**Activity**
Your answer should be the exact lines of the data below from the one containing "Deleikat_kremetsild_350g" through the one containing "Lancôme Hypnose Doll Eyes Waterproof Mascara"; please include nothing else.
··· The records ···
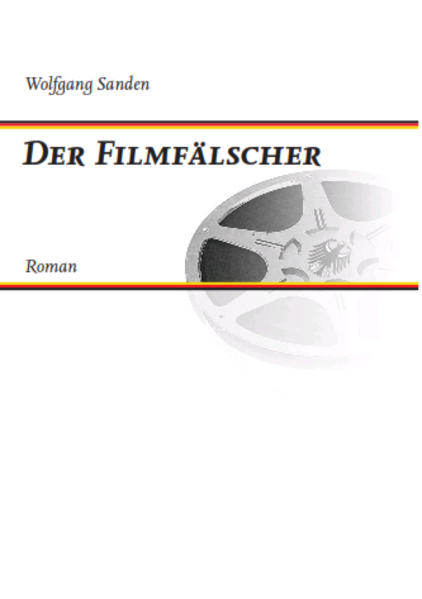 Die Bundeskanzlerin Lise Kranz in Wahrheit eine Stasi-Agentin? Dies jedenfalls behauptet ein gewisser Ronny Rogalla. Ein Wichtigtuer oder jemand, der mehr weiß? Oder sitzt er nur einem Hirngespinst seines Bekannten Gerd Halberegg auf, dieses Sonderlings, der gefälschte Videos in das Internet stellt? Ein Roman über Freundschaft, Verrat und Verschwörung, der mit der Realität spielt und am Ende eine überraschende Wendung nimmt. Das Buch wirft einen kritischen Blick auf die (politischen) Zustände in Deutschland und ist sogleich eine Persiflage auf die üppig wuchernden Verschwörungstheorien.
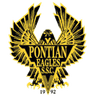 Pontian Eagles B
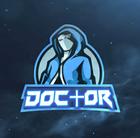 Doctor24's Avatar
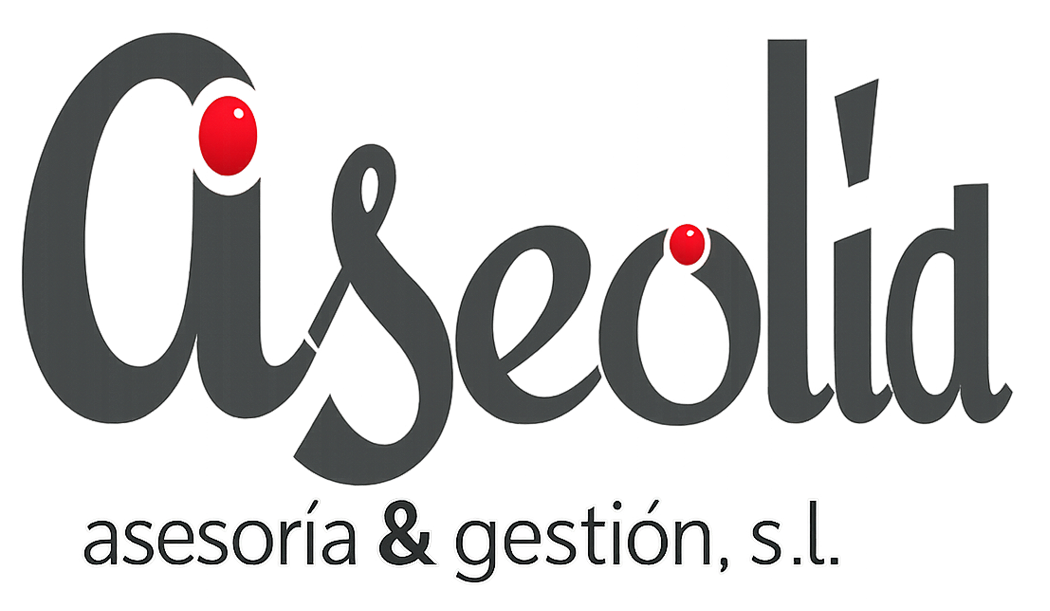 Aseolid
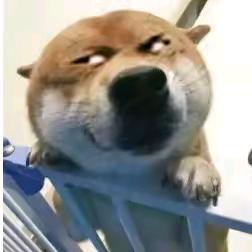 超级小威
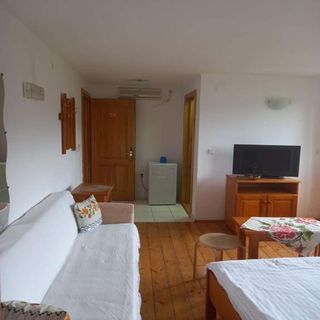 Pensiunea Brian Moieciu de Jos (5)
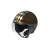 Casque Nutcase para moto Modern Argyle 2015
···
··· The records ···
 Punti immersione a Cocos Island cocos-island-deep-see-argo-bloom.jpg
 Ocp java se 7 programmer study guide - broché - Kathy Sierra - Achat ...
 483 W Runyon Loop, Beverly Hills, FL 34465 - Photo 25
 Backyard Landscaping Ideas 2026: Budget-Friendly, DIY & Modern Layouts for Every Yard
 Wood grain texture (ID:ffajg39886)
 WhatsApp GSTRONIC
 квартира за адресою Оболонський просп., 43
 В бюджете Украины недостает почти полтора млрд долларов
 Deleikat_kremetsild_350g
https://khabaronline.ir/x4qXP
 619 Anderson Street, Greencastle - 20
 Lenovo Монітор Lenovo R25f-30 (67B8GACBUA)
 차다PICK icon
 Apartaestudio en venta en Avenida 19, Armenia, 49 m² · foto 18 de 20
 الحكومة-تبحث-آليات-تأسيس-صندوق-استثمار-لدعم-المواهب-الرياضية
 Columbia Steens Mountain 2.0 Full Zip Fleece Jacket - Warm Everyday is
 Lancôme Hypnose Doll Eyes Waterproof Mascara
···
··· The records ···
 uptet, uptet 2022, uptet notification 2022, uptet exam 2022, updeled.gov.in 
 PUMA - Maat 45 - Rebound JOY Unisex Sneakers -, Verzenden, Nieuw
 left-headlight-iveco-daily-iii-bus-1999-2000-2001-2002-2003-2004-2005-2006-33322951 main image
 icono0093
···
**Solution**
 Deleikat_kremetsild_350g
https://khabaronline.ir/x4qXP
 619 Anderson Street, Greencastle - 20
 Lenovo Монітор Lenovo R25f-30 (67B8GACBUA)
 차다PICK icon
 Apartaestudio en venta en Avenida 19, Armenia, 49 m² · foto 18 de 20
 الحكومة-تبحث-آليات-تأسيس-صندوق-استثمار-لدعم-المواهب-الرياضية
 Columbia Steens Mountain 2.0 Full Zip Fleece Jacket - Warm Everyday is
 Lancôme Hypnose Doll Eyes Waterproof Mascara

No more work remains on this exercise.